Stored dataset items
----------------------------------------
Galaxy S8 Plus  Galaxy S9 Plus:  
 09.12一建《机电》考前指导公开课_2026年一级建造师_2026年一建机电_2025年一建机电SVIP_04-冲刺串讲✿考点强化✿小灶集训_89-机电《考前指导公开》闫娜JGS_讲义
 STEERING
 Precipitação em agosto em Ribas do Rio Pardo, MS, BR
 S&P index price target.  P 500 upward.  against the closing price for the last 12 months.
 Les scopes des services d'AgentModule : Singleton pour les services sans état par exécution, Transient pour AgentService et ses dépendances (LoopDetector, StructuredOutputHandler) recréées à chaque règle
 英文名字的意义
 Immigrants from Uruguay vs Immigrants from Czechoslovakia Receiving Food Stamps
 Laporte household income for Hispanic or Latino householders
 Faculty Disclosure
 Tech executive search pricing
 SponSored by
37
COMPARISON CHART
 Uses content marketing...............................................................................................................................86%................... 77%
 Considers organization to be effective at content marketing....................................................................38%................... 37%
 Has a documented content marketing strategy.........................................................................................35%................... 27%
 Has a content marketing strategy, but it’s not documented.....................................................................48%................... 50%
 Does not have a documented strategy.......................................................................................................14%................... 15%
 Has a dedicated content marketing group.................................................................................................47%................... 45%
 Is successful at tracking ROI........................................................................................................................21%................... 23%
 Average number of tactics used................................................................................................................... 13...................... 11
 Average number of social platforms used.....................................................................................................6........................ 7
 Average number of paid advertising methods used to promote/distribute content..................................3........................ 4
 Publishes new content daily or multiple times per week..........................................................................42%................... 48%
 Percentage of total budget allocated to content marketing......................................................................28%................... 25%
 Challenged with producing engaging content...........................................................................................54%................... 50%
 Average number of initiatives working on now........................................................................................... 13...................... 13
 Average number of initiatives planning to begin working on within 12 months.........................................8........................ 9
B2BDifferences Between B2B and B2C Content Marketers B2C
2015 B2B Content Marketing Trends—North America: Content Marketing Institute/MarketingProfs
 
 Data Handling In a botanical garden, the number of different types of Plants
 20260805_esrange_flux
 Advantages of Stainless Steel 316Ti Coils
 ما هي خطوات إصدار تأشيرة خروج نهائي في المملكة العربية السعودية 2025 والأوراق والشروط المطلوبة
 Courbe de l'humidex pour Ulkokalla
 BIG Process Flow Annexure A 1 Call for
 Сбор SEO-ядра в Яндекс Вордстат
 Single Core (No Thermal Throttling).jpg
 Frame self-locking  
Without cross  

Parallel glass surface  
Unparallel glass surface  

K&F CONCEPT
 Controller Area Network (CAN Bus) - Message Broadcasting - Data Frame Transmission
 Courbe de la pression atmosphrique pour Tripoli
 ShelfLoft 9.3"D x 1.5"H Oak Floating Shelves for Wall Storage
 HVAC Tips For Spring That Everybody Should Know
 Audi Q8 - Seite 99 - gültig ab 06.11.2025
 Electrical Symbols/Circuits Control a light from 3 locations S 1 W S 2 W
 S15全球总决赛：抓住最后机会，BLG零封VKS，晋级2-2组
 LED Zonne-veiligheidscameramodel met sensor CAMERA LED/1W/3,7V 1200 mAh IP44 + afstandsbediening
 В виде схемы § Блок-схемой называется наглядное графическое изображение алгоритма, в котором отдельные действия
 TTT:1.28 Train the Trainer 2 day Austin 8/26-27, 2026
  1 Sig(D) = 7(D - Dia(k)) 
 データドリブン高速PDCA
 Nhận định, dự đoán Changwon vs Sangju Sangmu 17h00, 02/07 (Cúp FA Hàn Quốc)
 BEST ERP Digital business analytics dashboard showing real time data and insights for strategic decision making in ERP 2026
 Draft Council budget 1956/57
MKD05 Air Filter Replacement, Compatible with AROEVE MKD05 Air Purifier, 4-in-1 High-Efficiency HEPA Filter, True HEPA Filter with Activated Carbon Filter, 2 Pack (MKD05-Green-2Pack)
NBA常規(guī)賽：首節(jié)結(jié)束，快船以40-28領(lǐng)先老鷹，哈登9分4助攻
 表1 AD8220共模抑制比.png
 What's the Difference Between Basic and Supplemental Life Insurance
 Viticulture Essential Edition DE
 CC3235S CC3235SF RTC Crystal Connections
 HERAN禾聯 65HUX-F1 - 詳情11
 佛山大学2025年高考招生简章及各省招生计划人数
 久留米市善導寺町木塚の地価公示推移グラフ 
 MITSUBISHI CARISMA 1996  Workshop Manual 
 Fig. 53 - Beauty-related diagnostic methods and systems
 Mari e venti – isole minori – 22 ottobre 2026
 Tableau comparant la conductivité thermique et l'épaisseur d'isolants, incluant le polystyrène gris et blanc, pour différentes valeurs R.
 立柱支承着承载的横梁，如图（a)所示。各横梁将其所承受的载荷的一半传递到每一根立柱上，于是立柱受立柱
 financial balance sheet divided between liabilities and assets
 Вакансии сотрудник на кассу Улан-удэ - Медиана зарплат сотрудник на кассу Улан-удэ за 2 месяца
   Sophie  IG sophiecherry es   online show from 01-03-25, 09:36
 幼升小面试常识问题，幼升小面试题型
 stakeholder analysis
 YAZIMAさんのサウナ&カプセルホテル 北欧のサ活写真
----------------------------------------
## WORK REQUEST
List all lines from the entries that include the word "glass".

## SOLVED EXERCISE
Parallel glass surface  
Unparallel glass surface  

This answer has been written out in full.